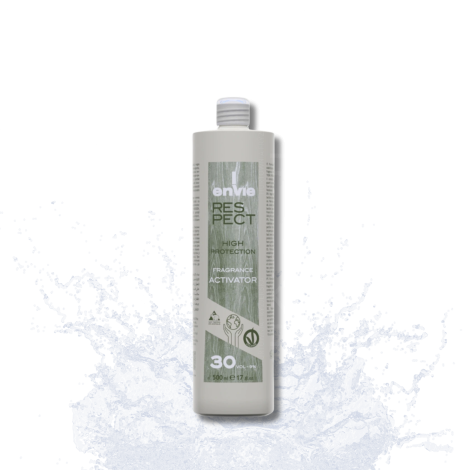 ENVIE RESPECT Vegan wegański utleniacz aktywator w kremie 500 ml | 9% - 2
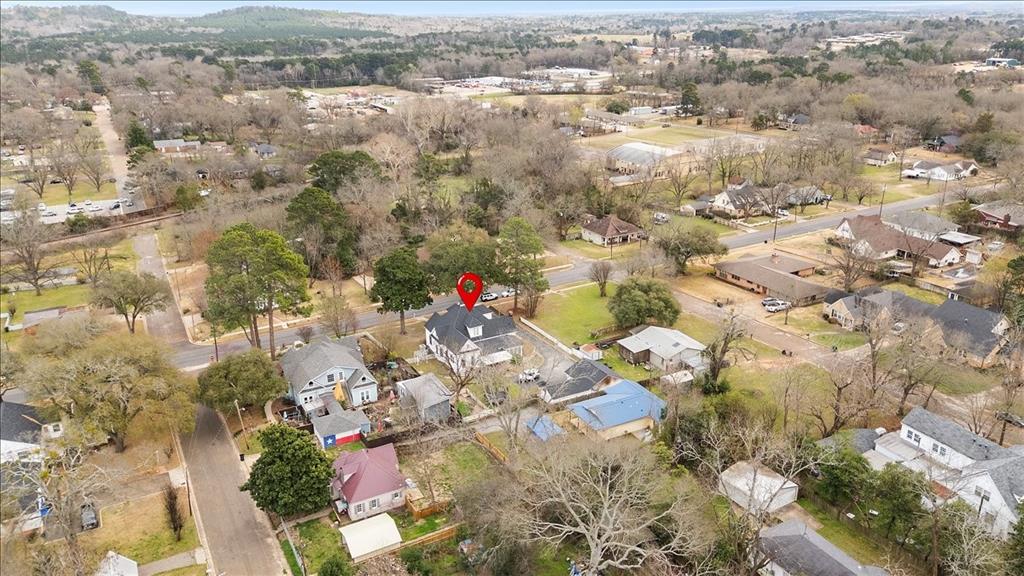 Old Town (Gilmer) - Residential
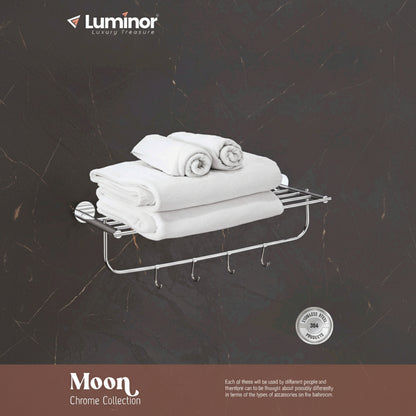 Luminor Moon Chrome Series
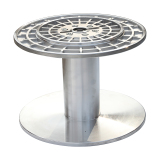 Beam For Needle Loom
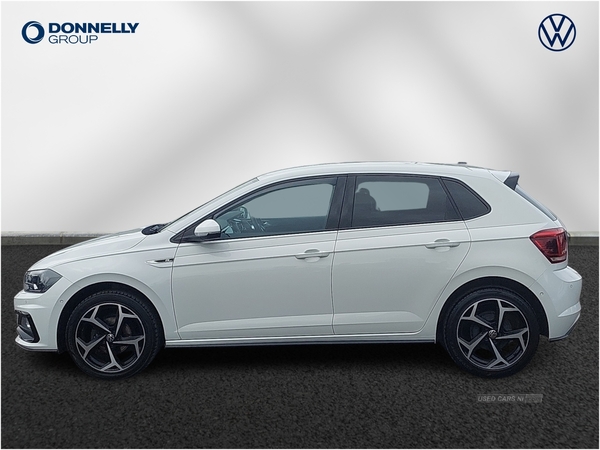 Volkswagen Polo 1.0 TSI 95 R-Line 5dr in Fermanagh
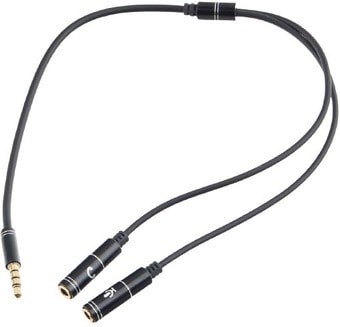 Разветвитель Cablexpert CCAB-02-35MYHM-0.2MB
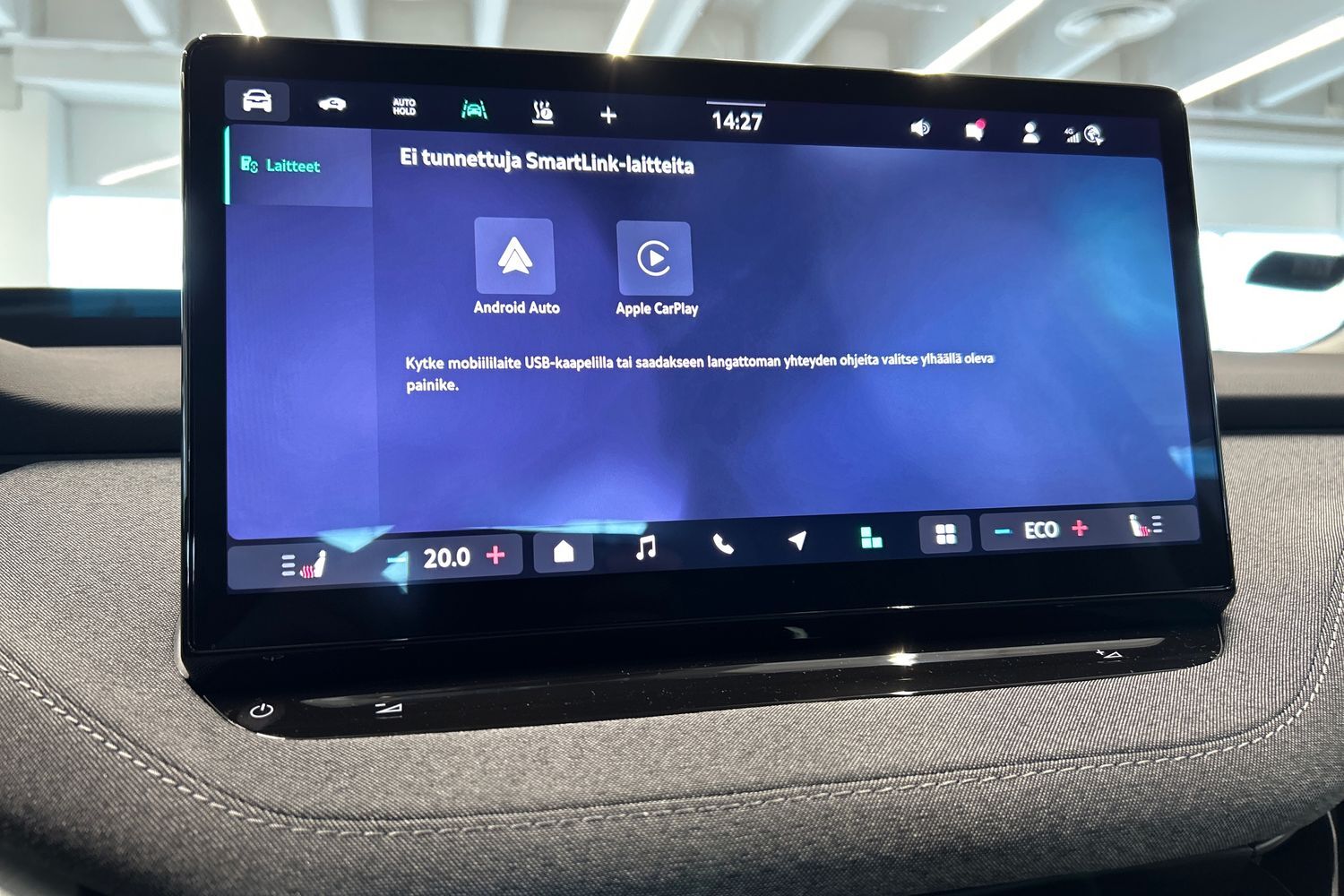 Skoda Enyaq vaihtoauto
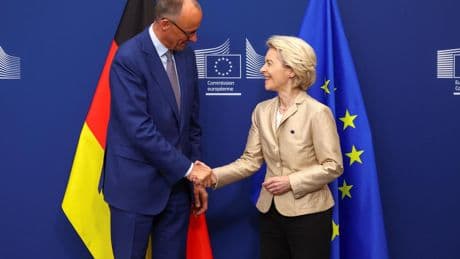 El nuevo canciller Merz rechaza la petición de Sánchez de emitir deuda común europea para financiar la defensa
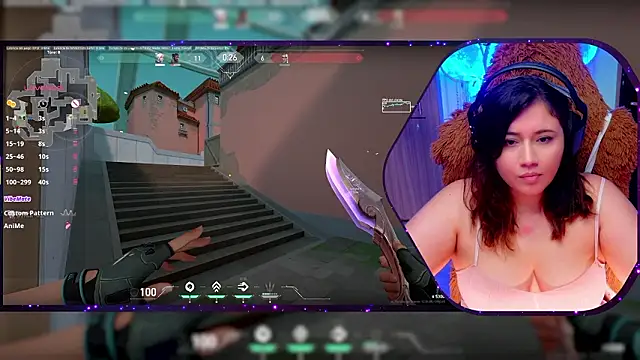 Chatroom XXX en direct de ALIS_E_G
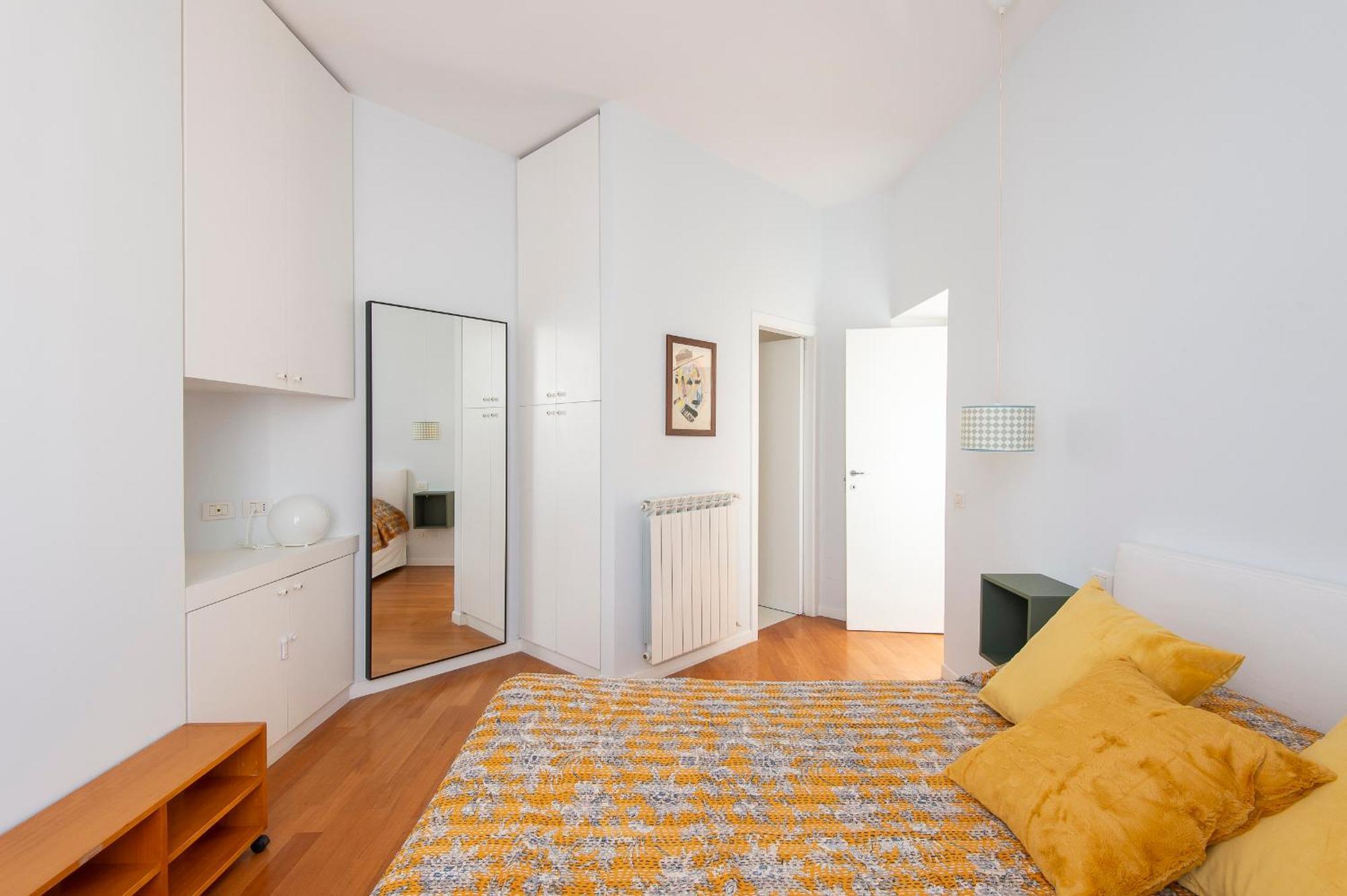 Luxury Auditorium Apartment Rome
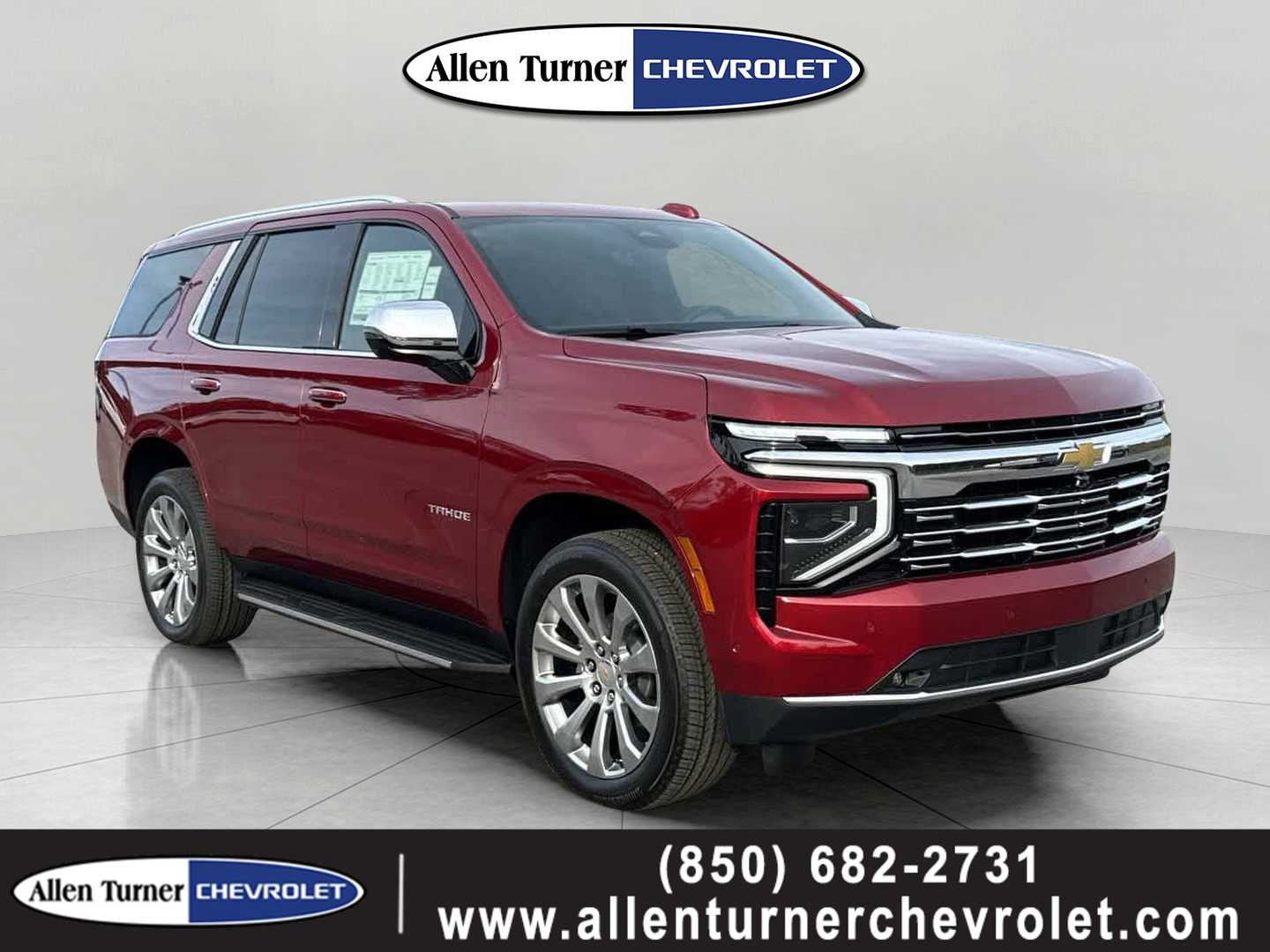 2026 Chevrolet Tahoe Premier's photo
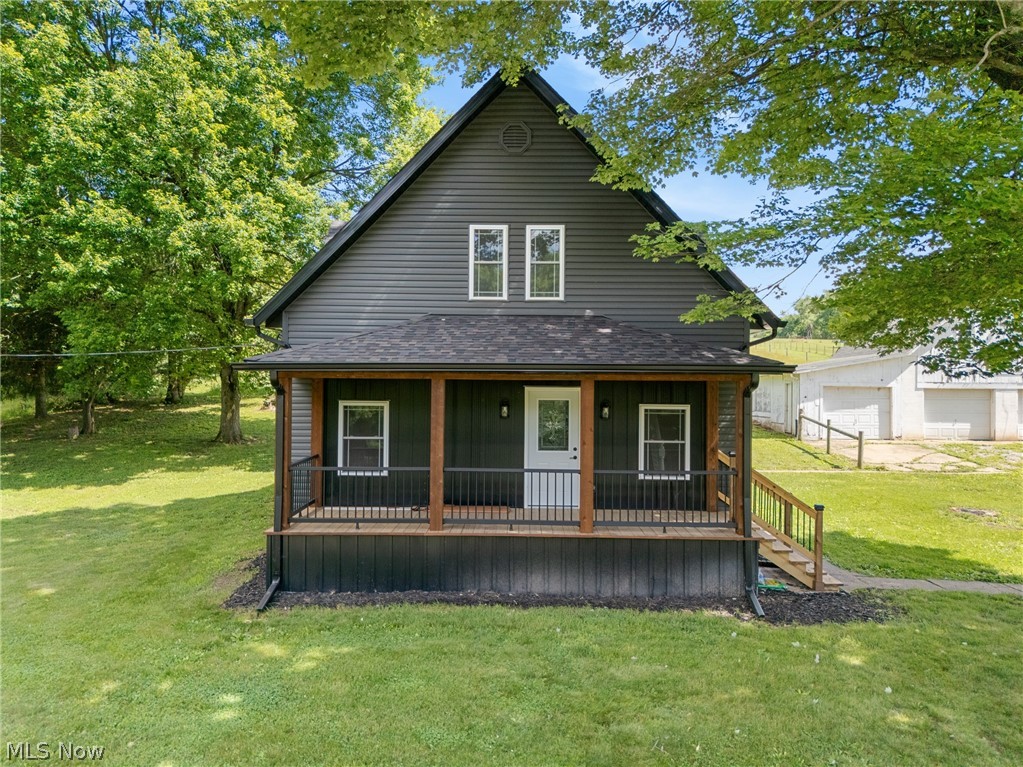 3367 Howenstine Drive SE East Sparta OH 44626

============

*What needs to be done*
From the line containing "Luxury Auditorium Apartment Rome" to the last line of the listing above, transcribe each line exactly, skipping the pictures.

*Task answer*
 Luxury Auditorium Apartment Rome
 2026 Chevrolet Tahoe Premier's photo
 3367 Howenstine Drive SE East Sparta OH 44626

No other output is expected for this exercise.